Ian studied Graham’s dirt-encrusted fingernails. “I see ye’re still mining.”

Graham chuckled and rubbed a calloused hand across the top of his sandy hair. “Heard about that, have ye?”

Ian laughed for the first time in days. Graham had to be the best under-the-curtain-wall tunnel borer in all Scotland. “Let’s just say I couldn’t picture ye sitting on yer hands while the pockpuds walked yon ramparts thumbing their noses at ye. ”

Graham shrugged his thick shoulders. “A man’s got to do what the good Lord set him to do. If ‘twas not Roxburgh, then I’d be digging under something else, to be sure.” After a bit, he asked, “Why are ye really here?”

Ian drained his ale, then grumbled, “I’m looking for a woman who might have passed through.
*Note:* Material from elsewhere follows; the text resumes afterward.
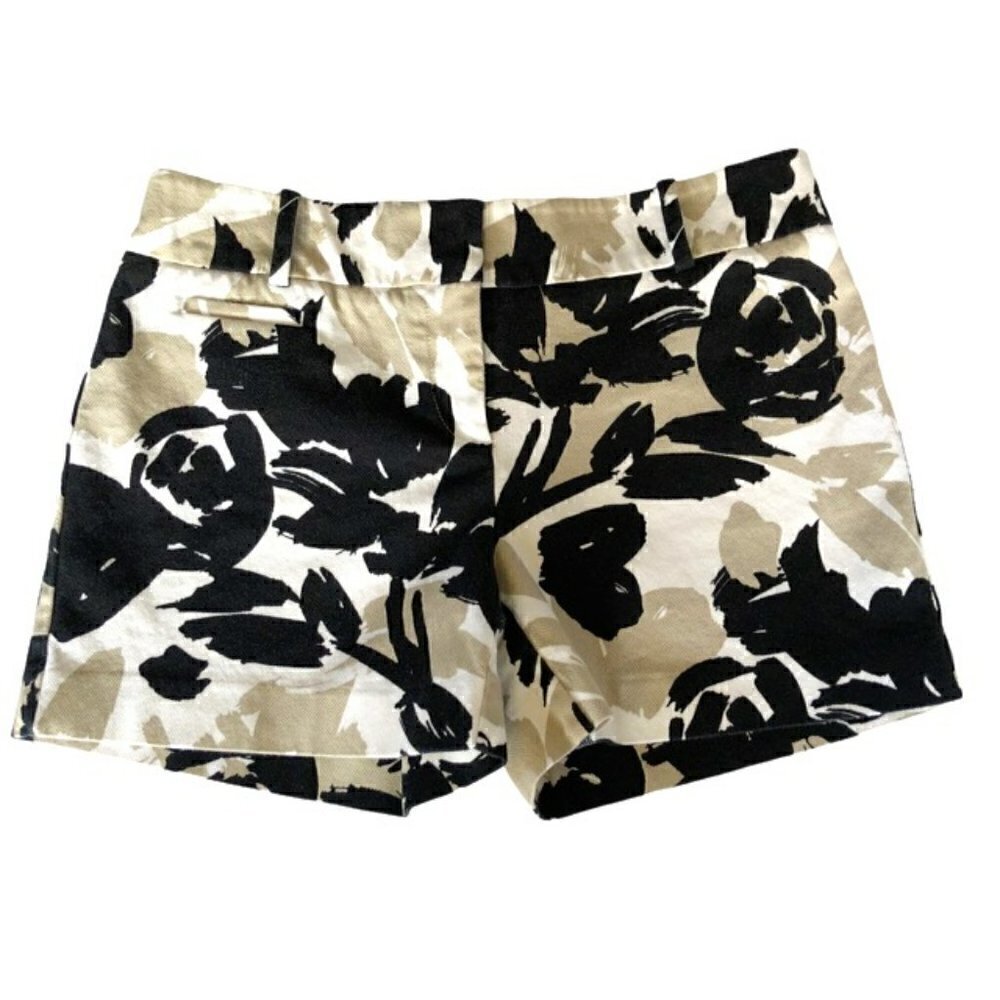 Ann Taylor The Riviera Abstract Floral Short 0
Tall, hair the color of a raven’s wing, big blue eyes, and riding a white destrier.”

Graham stared at him for a moment, then broke into laughter, nearly toppling off his stool. Grabbing the mantel and righting himself, he hooted, “She stole yer horse!”

Feeling heat rise up his neck, Ian grumbled deep in his throat. “Tis not a damn thing funny about this, Robbie.”

“Oh, but there is, as I’d been wondering why ye were riding that gelding.” He took Ian’s mug and walked to the leather budget hanging by the door. Muttering to himself, “The Thief of Hearts gets nipped himself,” Graham erupted into another peel of laughter.

Ian could do naught but seethe. He’d lost Kate’s trail and time was fleeing.

Finally gaining control of himself, Graham wiped the back of his hand across his eyes and handed Ian his full mug. “My, oh my.” He cleared his throat, then asked, “What can I do for ye?”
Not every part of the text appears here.